(Beginning of WORKING DATA)

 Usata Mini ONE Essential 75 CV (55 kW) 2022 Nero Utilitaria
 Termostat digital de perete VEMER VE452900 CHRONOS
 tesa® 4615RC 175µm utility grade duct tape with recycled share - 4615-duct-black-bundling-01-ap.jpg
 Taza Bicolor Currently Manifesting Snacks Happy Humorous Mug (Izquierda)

(End of WORKING DATA)
(Beginning of WORKING DATA)

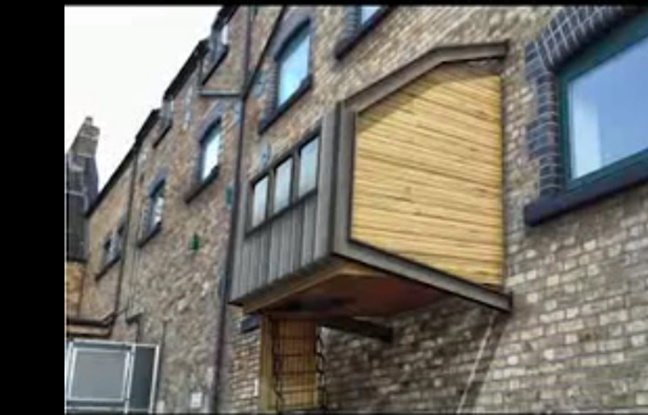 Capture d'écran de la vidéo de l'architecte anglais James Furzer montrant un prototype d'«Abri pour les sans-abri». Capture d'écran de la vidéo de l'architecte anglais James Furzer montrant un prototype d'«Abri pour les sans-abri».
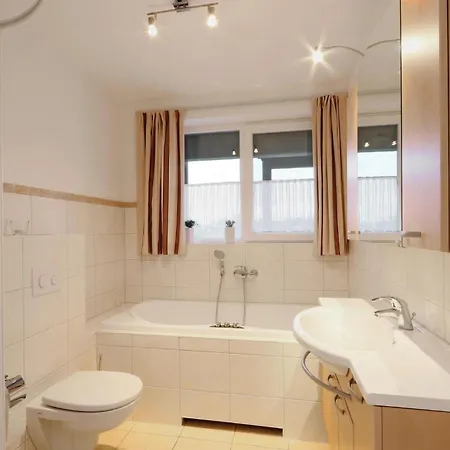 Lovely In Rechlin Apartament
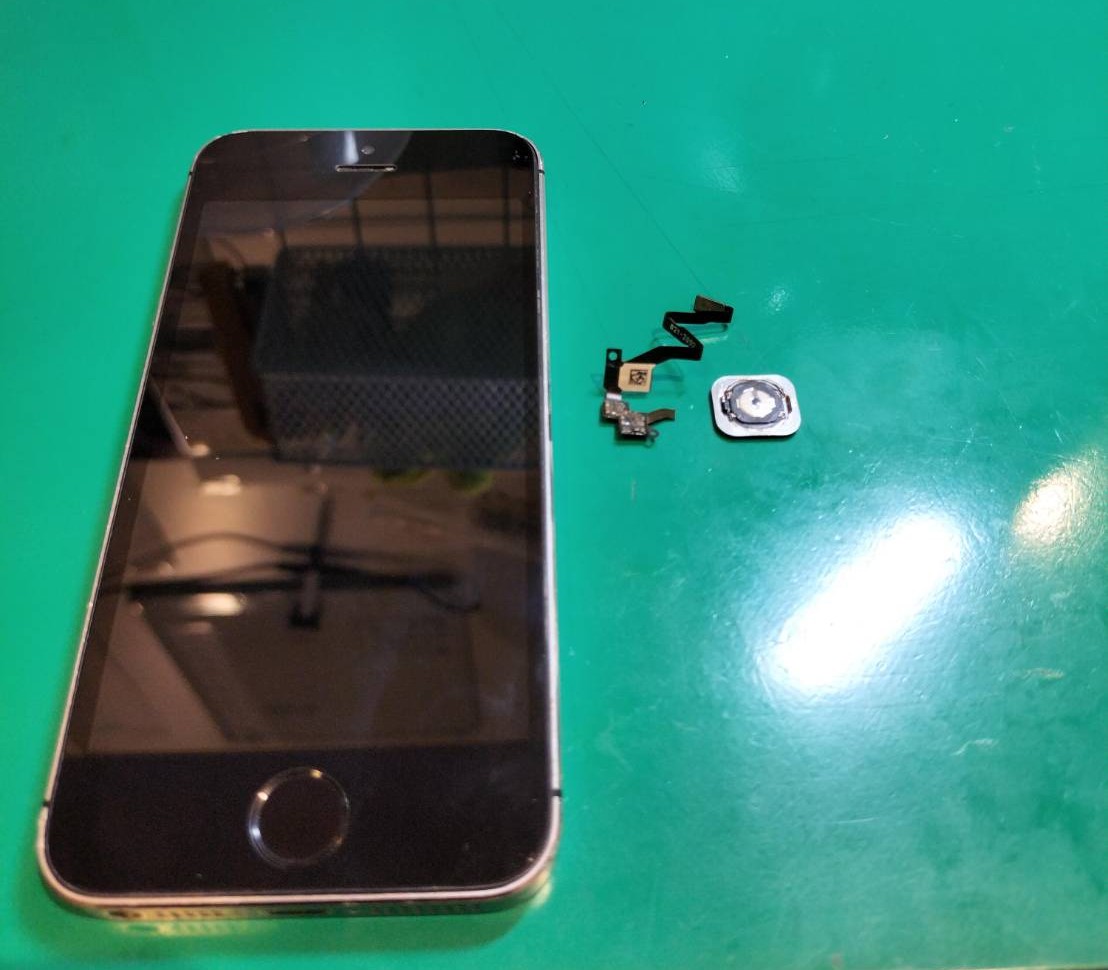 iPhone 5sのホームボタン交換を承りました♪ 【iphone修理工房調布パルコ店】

(End of WORKING DATA)
(Beginning of WORKING DATA)

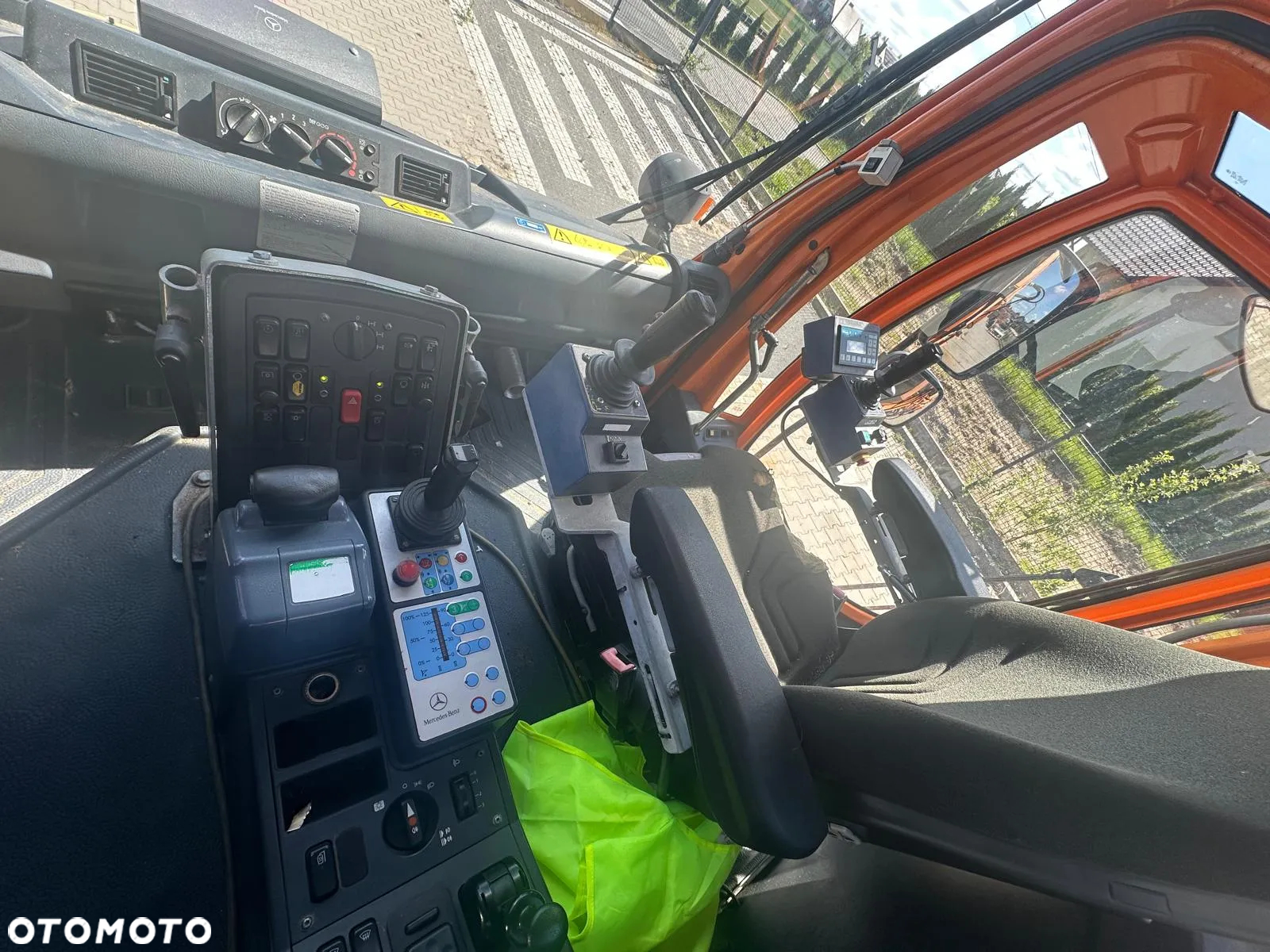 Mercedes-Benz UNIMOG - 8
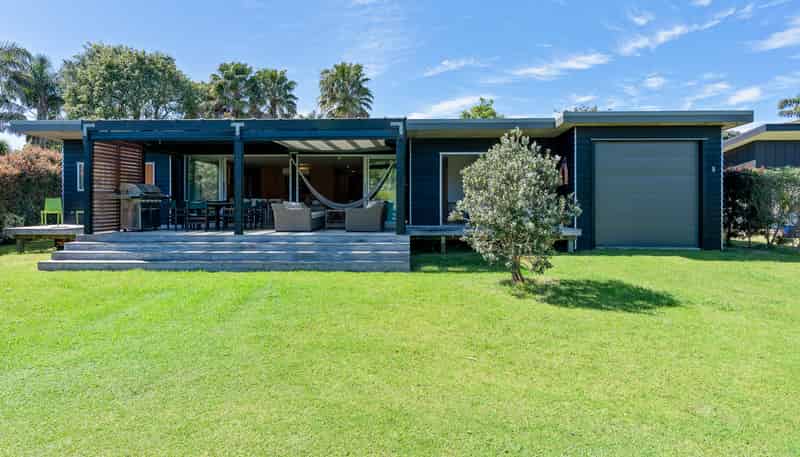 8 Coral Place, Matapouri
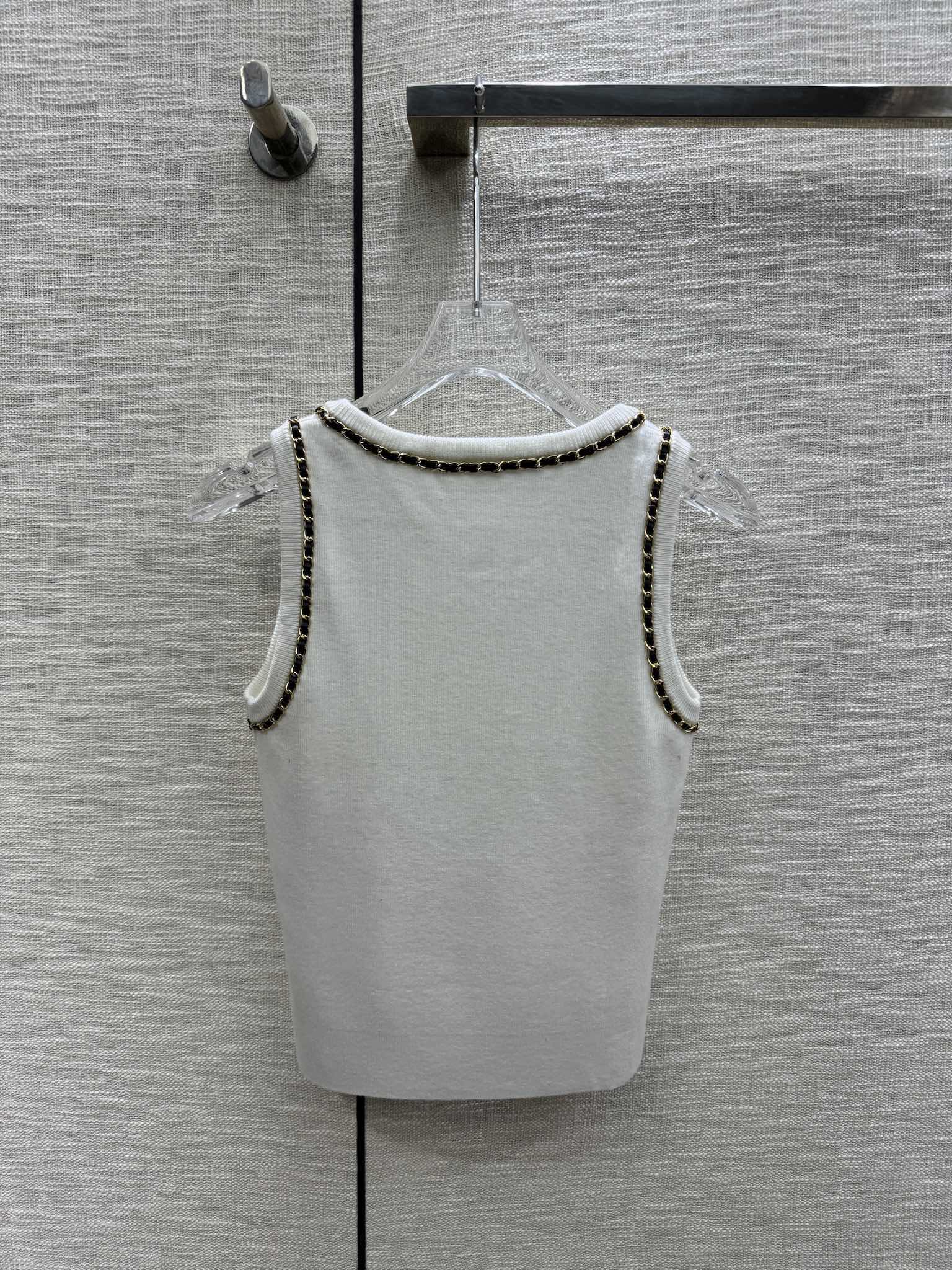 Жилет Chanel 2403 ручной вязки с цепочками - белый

(End of WORKING DATA)

_YOUR TASK_
Your answer must be the lines above from the one holding "Lovely In Rechlin Apartament" up to and including the one holding "iPhone 5sのホームボタン交換を承りました♪ 【iphone修理工房調布パルコ店】", exact and with no pictures.

_EXERCISE OUTPUT_
 Lovely In Rechlin Apartament
 iPhone 5sのホームボタン交換を承りました♪ 【iphone修理工房調布パルコ店】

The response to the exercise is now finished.